Wages paid to shareholder-employees of S corporations are subject to Federal Insurance Contributions Act (FICA) taxes, while distributions made by the S corporations are not. Some S corporation shareholder-employees have been saving money by withdrawing funds from the corporation in the form of distribution rather than wages, and not paying the appropriate level of taxes. This leads to payroll tax audits from the Internal Revenue Service.
Shareholder-employees of S corporations have had agreements where the employee drew an unreasonably low salary from the corporation, but had an arrangement where the corporation would pay out distributions equal to what their actual salary should have been.
Payroll tax audits will occur for these corporations if the IRS agents believe that the employees have unreasonably low compensation, and high amounts of distributions. The IRS and the tax court system have re-characterized these distributions as wages, meaning that FICA tax assessments, interest, and penalties apply. A recent decision made by the US Court of Appeals for the Eight Circuit reaffirms the IRS re-characterization of S corporation distributions as wages.

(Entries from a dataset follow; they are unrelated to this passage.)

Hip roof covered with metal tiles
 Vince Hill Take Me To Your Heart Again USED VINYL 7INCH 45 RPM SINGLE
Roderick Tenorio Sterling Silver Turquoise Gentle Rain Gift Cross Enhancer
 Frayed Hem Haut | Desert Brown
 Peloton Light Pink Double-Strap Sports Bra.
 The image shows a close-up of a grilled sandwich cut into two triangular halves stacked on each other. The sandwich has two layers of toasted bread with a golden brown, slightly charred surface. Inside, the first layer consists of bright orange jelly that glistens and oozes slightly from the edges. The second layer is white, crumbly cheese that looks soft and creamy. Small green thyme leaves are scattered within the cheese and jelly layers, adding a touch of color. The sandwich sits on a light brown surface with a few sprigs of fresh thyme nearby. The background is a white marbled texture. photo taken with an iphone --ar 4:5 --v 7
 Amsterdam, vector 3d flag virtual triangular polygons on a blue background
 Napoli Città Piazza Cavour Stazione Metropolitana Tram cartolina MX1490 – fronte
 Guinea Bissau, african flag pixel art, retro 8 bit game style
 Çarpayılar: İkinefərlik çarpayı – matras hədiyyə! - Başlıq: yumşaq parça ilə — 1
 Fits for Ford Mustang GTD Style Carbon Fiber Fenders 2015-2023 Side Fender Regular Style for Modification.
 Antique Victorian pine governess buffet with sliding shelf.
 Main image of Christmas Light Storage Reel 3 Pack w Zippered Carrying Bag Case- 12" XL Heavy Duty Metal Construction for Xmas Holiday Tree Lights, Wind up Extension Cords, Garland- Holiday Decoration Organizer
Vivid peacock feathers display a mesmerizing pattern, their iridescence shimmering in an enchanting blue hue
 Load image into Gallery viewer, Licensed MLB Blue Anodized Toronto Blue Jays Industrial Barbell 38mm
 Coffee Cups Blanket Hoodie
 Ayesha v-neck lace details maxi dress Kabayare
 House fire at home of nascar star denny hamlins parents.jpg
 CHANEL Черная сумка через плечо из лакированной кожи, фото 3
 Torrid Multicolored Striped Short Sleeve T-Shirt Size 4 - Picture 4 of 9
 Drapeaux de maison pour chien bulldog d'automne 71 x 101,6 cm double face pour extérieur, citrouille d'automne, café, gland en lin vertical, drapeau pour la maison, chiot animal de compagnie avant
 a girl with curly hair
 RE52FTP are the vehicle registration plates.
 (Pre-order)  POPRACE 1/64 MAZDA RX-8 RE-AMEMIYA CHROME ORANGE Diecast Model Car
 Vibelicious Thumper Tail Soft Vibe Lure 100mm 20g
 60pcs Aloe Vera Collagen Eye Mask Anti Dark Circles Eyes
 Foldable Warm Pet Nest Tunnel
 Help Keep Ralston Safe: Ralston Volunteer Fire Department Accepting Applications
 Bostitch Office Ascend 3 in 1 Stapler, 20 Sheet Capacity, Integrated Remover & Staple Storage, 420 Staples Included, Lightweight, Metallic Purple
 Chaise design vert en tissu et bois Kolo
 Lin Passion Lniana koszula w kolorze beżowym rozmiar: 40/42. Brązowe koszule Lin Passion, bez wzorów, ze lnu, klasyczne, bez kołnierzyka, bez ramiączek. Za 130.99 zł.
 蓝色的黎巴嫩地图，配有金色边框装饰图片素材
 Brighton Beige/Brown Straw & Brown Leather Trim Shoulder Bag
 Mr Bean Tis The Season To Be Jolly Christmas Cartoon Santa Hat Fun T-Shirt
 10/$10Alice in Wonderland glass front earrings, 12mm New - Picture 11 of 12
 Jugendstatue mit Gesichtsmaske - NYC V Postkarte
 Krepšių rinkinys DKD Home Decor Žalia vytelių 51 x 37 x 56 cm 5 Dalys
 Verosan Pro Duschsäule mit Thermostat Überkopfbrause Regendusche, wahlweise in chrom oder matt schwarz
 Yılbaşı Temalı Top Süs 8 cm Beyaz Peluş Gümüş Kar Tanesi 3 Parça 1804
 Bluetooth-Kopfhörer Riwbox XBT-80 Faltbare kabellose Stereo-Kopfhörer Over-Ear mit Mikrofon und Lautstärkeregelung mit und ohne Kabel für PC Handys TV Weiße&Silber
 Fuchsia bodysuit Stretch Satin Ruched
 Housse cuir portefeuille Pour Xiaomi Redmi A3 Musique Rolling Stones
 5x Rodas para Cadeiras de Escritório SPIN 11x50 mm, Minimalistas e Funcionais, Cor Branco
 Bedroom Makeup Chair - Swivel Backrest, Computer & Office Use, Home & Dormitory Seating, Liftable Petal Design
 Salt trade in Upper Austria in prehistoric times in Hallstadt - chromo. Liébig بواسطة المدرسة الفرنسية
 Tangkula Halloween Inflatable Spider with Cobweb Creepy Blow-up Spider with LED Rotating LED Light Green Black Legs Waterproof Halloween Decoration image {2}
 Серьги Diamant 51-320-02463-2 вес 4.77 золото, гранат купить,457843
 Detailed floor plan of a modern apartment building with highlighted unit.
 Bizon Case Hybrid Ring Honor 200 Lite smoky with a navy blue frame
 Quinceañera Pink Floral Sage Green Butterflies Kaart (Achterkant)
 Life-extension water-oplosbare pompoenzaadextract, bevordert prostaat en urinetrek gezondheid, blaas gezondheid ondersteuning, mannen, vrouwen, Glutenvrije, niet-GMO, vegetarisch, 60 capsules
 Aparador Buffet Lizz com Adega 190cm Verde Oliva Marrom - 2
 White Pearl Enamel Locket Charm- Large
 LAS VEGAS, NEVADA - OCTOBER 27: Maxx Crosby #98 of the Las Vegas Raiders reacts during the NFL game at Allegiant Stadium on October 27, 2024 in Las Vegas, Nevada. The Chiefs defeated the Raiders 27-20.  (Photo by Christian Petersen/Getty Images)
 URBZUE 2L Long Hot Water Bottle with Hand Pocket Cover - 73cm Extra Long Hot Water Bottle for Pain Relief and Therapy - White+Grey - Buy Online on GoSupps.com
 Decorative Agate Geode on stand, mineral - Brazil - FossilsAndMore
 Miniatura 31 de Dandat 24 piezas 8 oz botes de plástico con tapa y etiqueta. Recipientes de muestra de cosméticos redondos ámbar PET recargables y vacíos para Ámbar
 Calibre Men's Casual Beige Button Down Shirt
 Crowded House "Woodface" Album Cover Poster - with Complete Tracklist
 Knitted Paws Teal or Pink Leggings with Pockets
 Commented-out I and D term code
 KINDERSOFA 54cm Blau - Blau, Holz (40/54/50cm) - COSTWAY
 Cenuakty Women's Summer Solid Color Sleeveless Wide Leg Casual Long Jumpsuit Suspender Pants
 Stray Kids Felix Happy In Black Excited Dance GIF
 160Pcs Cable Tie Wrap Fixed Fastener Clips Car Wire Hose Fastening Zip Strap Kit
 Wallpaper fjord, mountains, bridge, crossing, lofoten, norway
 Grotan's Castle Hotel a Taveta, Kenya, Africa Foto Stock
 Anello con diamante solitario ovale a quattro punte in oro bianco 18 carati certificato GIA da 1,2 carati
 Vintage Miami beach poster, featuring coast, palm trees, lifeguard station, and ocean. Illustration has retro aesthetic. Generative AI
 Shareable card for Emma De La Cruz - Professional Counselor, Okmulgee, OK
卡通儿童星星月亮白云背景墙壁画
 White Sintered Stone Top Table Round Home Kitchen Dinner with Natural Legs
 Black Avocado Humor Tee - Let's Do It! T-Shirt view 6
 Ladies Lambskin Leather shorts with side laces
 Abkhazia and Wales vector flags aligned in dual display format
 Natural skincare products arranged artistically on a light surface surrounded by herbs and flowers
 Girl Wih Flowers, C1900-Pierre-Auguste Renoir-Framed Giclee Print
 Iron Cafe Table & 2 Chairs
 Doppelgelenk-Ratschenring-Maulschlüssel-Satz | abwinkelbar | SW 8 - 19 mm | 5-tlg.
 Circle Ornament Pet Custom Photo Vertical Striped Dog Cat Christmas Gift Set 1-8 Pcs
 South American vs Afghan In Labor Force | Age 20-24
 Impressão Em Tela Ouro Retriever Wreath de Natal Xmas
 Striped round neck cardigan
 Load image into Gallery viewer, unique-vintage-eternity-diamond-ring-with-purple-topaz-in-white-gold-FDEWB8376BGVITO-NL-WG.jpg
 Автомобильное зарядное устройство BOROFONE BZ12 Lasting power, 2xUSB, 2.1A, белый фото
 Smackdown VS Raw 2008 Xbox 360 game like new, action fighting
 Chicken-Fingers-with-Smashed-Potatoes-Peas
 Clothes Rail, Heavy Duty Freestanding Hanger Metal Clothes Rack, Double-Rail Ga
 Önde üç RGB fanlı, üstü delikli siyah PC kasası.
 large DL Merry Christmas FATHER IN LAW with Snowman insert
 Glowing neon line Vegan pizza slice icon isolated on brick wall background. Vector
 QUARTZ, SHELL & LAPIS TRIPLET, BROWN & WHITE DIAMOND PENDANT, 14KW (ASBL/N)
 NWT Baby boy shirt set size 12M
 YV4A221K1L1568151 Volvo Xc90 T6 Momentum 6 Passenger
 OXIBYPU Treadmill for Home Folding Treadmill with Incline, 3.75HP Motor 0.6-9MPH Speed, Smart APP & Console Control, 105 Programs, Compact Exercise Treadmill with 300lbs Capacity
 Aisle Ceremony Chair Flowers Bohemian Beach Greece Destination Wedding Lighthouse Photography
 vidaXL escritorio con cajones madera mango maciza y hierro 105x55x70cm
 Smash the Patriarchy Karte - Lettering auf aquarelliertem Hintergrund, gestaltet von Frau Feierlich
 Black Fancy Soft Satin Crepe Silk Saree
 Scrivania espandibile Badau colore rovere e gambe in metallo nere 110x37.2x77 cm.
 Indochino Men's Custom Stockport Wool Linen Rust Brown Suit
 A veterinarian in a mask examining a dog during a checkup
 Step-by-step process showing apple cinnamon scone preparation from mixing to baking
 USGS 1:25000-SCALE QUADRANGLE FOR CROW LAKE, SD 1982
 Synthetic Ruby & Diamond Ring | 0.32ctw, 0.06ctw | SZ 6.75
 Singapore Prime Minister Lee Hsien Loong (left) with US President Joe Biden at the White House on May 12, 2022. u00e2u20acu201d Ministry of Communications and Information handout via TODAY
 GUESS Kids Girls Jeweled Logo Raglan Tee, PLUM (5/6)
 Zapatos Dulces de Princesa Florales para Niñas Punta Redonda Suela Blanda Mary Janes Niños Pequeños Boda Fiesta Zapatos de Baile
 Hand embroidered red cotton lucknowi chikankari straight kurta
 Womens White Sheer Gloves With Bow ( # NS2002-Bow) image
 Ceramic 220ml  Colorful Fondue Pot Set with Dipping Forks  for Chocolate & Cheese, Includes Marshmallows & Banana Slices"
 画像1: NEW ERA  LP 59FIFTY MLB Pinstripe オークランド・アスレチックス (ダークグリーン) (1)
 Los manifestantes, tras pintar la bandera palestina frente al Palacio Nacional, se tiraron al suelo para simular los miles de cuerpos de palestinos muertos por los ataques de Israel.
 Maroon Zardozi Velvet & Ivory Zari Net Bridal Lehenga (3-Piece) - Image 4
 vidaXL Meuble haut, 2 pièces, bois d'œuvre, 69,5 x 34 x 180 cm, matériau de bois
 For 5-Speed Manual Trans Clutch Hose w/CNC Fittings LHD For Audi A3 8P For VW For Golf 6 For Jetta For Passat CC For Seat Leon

Not all cases of distributions are the result of the practice of decreasing wages paid and increasing distributions to reduce FICA taxes. These distributions can occur because the shareholder-employee may be uncertain on how to establish a salary. The S corporation’s income or losses are divided up and passes to the shareholders, who must report the income or loss on their individual income tax returns. Shareholders may be unclear in how to properly report the income on their individual income tax returns.
Improperly reporting income or loss on individual income tax returns has consequences. For example, by under-reporting and not paying enough taxes, individuals are not paying the 15% Social Security tax. This will lead to problems when the individual retires and has a small amount of Social Security to live on. Companies are more likely to face a payroll tax audit if the shareholder-employees report unreasonably low wages.